The people of Leyton have had to make do without Drapers Field since September last year. A few acres of all weather football pitch and playing fields, it had the misfortune to be immediately adjacent to the Olympic Village and so was requisitioned by LOCOG "for operational reasons" to store toilet rolls and the like. Now all that remains is excess fencing and excess tarmac, as Waltham Forest prepare to take yet more months to turn the place into a better facility than before. Security guards no longer gaze intently if you linger at the end of Crownfield Road, but the park still hangs somewhat unwelcomely over these perimeter streets.
Direct pedestrian access from the east to Westfield has at last been opened up. You'd never guess from the blue sign that still directs those on foot via the previous loopy detour, but ignore that, walk up the direct pavement and you'll save five minutes. Penny Brookes Street is more a conduit for big-booted cars, even on a Sunday morning when most of the shops aren't even open. You can see hundreds of premature arrivals wandering the malls before noon, staring through the big stores' shuttered doors, wishing they'd stayed at home a bit longer.
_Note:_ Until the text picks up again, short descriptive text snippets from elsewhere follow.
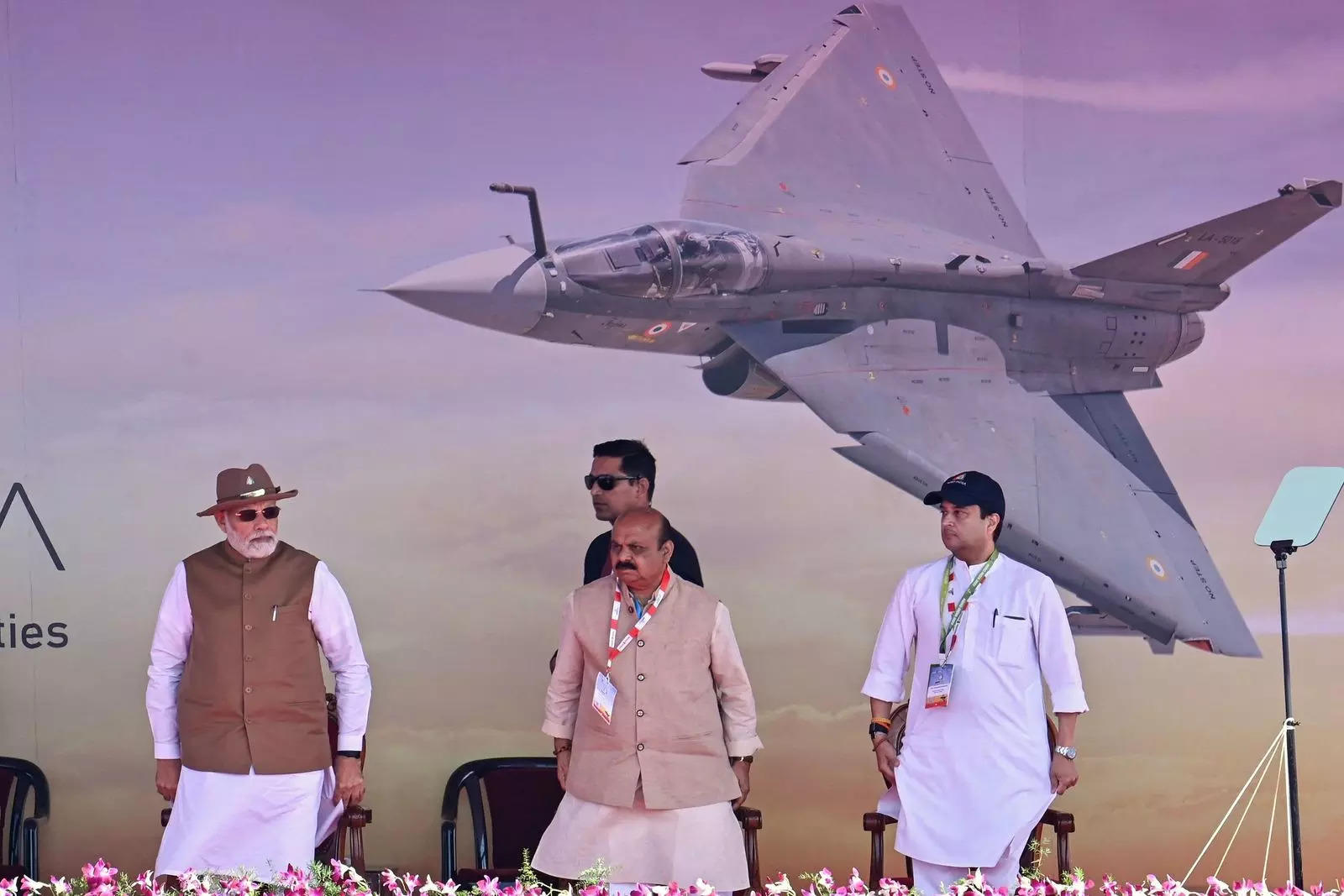  Prime Minister Narendra Modi attends the inauguration of the 14th edition of 'Aero India 2023' at the Yelahanka air force station in Bengaluru on Monday. (Photo by Manjunath KIRAN / AFP)
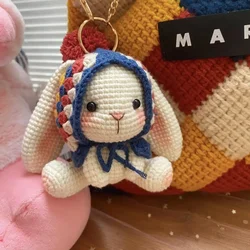 Handmade Knitting Crafts Cute Rabbit Keychain Creative DIY Amigurumi Knitting Needles Hook Finished Children's Birthday Gift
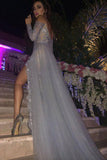 Gray Long Sleeves Prom Dress,V-neck Sweep Train Evening Dress with Appliques Beading,SVD433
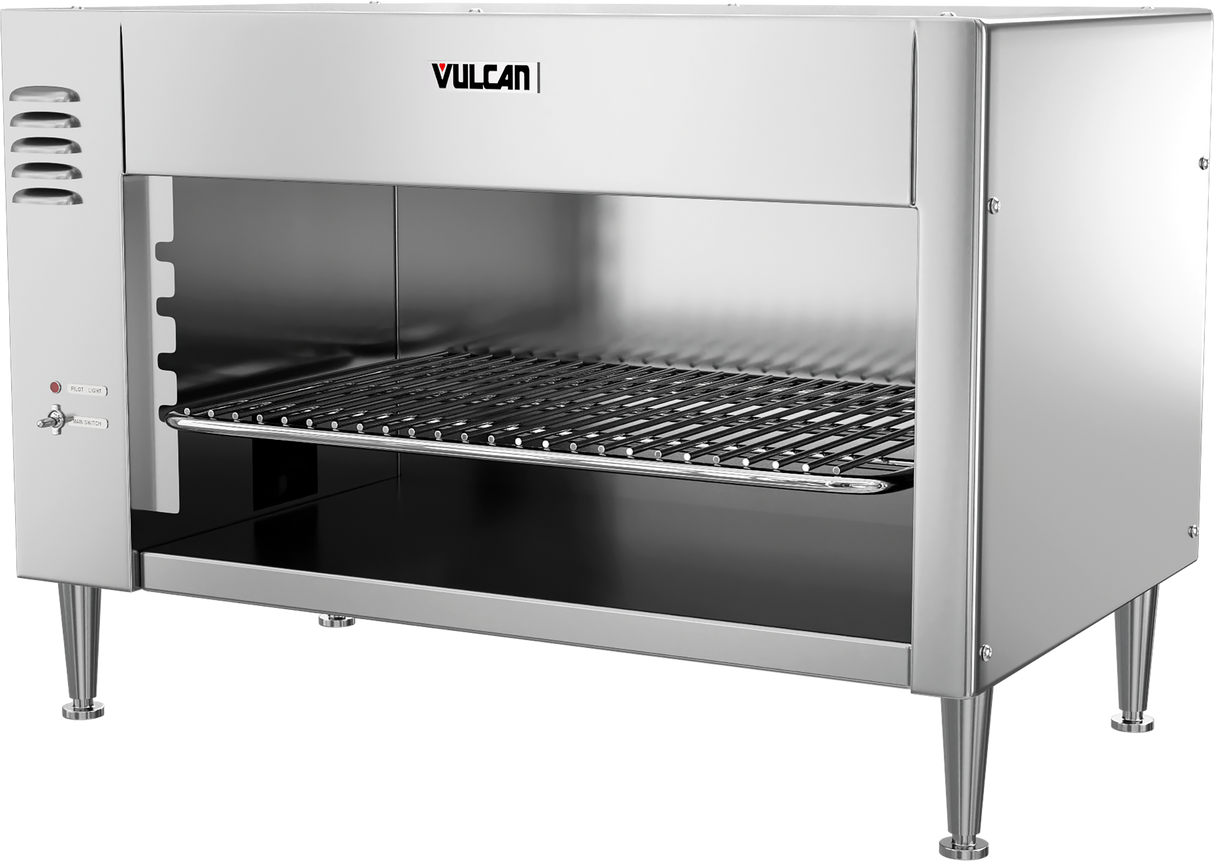 A stainless steel Cheesemelter broiler oven with an open front, metal rack, four sturdy legs, vent slots on the left, and the brand name Vulcan centered at the top. This sleek appliance features an industrial design and quartz infrared heating.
At the northern end of Westfield an ice rink has appeared where Santa's house was last year, and Santa's house has reappeared alongside the station. Stratford International has returned to being a woefully overstaffed nomansland, even though it's now finally been connected to the public road network. A new road has opened, unimaginitively named International Way, which I appeared to be the only person using at the weekend. It's five and a half years since I first saw a road sign pointing towards this station, and only post-Olympics is this unwanted link finally possible.
The road along the boundary between Westfield and the Olympic Park is now a conduit for traffic heading multi-storey-ward. Gone are the queues of spectators clutching tickets, and gone are all the tents where the army stood to frisk them down. Few places scream "The Olympics are over" quite as much as this utterly empty plaza. Where people once streamed to the horizon, now it only takes two security guards to stand by the fence and keep nobody at bay. That was Sunday, anyway. On Monday Rihanna turned up on a temporary stage and pouted her way through her new album, then switched on the mall's Christmas lights, and the place was rammed. Some wit at Westfield has named this featureless tarmac "Cherry Park". Not yet it's not, nowhere even close.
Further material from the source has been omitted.